More common in males (range is 3:2 to 9:1); >50% of cases in the United States occur in individuals >60 years of age.


  • Incidence at ~15 in 100,000, increasing from previous years
  • The predominant form of IE is community associated. Up to one-third of cases are health care–acquired in high-income countries.
  • Increasing incidence of cardiovascular device-related infections due to a higher frequency of implantable devices
  • Can be community- or hospital-acquired
  • Most commonly affects the mitral valve and aortic valve (increased left-sided pressures and turbulent flow).

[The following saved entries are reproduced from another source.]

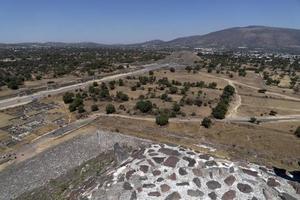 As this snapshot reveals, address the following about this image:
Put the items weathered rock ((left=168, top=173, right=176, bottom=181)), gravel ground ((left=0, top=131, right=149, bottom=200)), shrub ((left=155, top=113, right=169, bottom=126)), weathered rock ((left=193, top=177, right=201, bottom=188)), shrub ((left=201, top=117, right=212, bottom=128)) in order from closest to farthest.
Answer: weathered rock ((left=193, top=177, right=201, bottom=188)), weathered rock ((left=168, top=173, right=176, bottom=181)), gravel ground ((left=0, top=131, right=149, bottom=200)), shrub ((left=201, top=117, right=212, bottom=128)), shrub ((left=155, top=113, right=169, bottom=126))

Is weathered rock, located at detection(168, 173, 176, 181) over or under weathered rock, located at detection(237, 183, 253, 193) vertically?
over

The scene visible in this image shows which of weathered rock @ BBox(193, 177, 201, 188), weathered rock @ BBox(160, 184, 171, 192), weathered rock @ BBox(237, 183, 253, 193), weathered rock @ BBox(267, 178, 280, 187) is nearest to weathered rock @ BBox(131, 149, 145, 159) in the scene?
weathered rock @ BBox(160, 184, 171, 192)

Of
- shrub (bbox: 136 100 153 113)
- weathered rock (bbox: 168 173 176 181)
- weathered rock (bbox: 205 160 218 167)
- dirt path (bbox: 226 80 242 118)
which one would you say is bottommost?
dirt path (bbox: 226 80 242 118)

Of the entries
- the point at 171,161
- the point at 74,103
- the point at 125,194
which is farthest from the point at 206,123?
the point at 125,194

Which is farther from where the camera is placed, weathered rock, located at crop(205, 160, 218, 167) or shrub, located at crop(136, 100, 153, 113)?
shrub, located at crop(136, 100, 153, 113)

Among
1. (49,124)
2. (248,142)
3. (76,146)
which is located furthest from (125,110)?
(248,142)

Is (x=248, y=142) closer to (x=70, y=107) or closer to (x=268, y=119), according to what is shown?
(x=268, y=119)

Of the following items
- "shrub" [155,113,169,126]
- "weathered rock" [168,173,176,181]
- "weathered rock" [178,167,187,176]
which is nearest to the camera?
"weathered rock" [168,173,176,181]

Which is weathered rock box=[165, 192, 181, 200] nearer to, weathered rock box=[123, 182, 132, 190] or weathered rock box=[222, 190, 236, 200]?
weathered rock box=[123, 182, 132, 190]

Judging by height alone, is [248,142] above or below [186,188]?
below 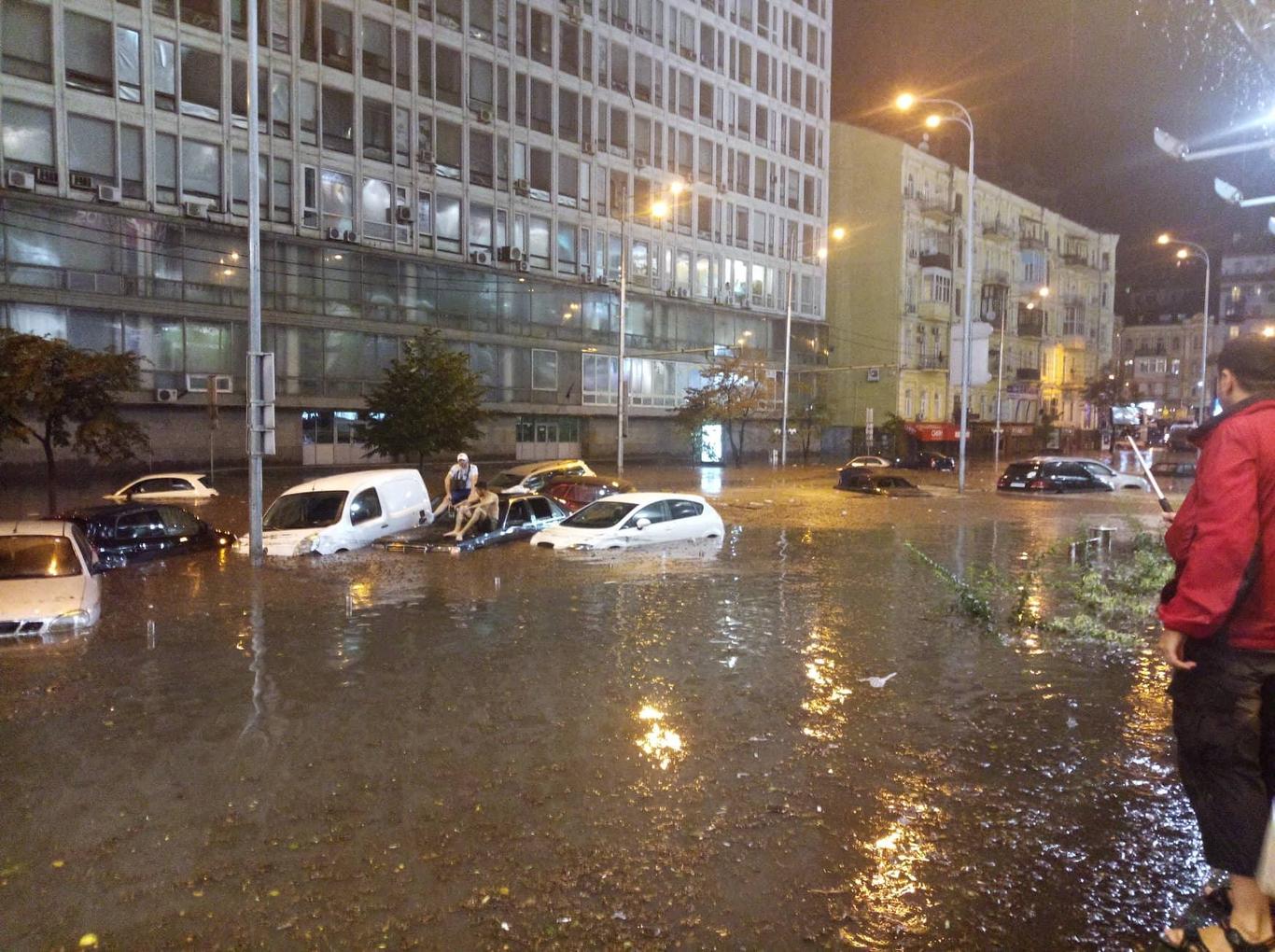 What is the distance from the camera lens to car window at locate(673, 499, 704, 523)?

Etiology and Pathophysiology

IE is most commonly caused by a nonbacterial thrombus that adheres to an endocardial surface, coupled with a bacterial source sufficient to seed the thrombus. This can occur from direct bacterial invasion or valvular trauma:

  • Native valve endocarditis
    • Acute: Staphylococcus aureus; Streptococcus groups A, B, C, G; Streptococcus pneumoniae; Staphylococcus lugdunensis; Enterococcus spp.; Haemophilus influenzae or parainfluenzae; Neisseria gonorrhoeae
    • Subacute: α-hemolytic streptococci, Streptococcus bovis, Enterococcus spp., S. aureus, Staphylococcus epidermidis; HACEK organisms
  • Intravenous drug abuse endocarditis (IVDA) (most commonly tricuspid valve): S. aureus, Enterococcus spp.; Pseudomonas aeruginosa, Burkholderia cepacia, other bacilli (gram-negative); Candida spp.
  • Prosthetic valve endocarditis
    • Early (≤12 months after valve implantation): S. aureus, S. epidermidis; gram-negative bacilli; Candida spp., Aspergillus spp.
    • Late (>12 months after valve implantation): α-hemolytic streptococci, S. aureus, Enterococcus spp., S. epidermidis, Candida spp., Aspergillus spp.
  • Culture-negative endocarditis: 10% of cases; Bartonella quintana (homeless); Brucella spp., fungi, Coxiella burnetii (Q fever), Chlamydia trachomatis, Chlamydophila psittaci, HACEK organisms
  • Device-related endocarditis: coagulase-negative staphylococci or S. aureus

Risk Factors

  • Injection drug use, IV catheterization, certain malignancies (colon cancer), poor dentition/infection, chronic hemodialysis, age >60 years, male sex, implantable devices
  • Highest risk with (1):
    • Previous IE
    • Prosthetic cardiac valves (including transcatheter-implanted prostheses and homografts)
    • Cardiac transplant with valvular regurgitation
    • Prosthetic material used for cardiac valve repair (such as annuloplasty rings or chords)
    • Congenital heart disease (CHD): unrepaired cyanotic CHD or repaired CHD residual shunts of valvular regurgitation at the site of or adjacent to the site of a prosthetic patch or prosthetic device

General Prevention

  • Good oral hygiene
  • Antibiotic prophylaxis is only recommended in patients with a high risk of adverse outcomes if IE were to occur—(see “Risk Factors”). Administer 30 to 60 minutes prior to the procedure (exception vancomycin which should be administered 120 minutes prior to the procedure).
  • In high-risk patients, consider antibiotic prophylaxis for dental procedures involve manipulation of gingival tissue, manipulation of the periapical region of teeth, or perforation of the oral mucosa.
  • Procedures requiring prophylaxis
    • Oral/upper respiratory tract procedures/biopsies: Amoxicillin 2 g PO 30 to 60 minutes before procedure or ampicillin 2 g IV/IM are the first-line prophylactic choices. Clindamycin is no longer recommended for dental prophylaxis because it is associated with more frequent and severe adverse effects (i.e., Clostridium difficile infection).
    • GI/GU: Only consider coverage for Enterococcus (with penicillin, ampicillin, piperacillin, or vancomycin) for patients with an established infection undergoing procedures.
    • Cardiac valvular surgery or placement of prosthetic intracardiac/intravascular materials: perioperative cefazolin 1 to 2 g IV 30 minutes preoperative or vancomycin 15 mg/kg (max of 1 g) (penicillin-allergic patients) 60 minutes preoperative
    • Skin/soft tissue: incision and drainage of infected tissue; use agents active against skin pathogens (e.g., cefazolin 1 to 2 g IV q8h or vancomycin 15 mg/kg q12h; max of 1 g) if penicillin-allergic or if methicillin-resistant S. aureus (MRSA) is suspected.

Commonly Associated Conditions

Most patients with IE have preexisting conditions (see “Risk Factors”).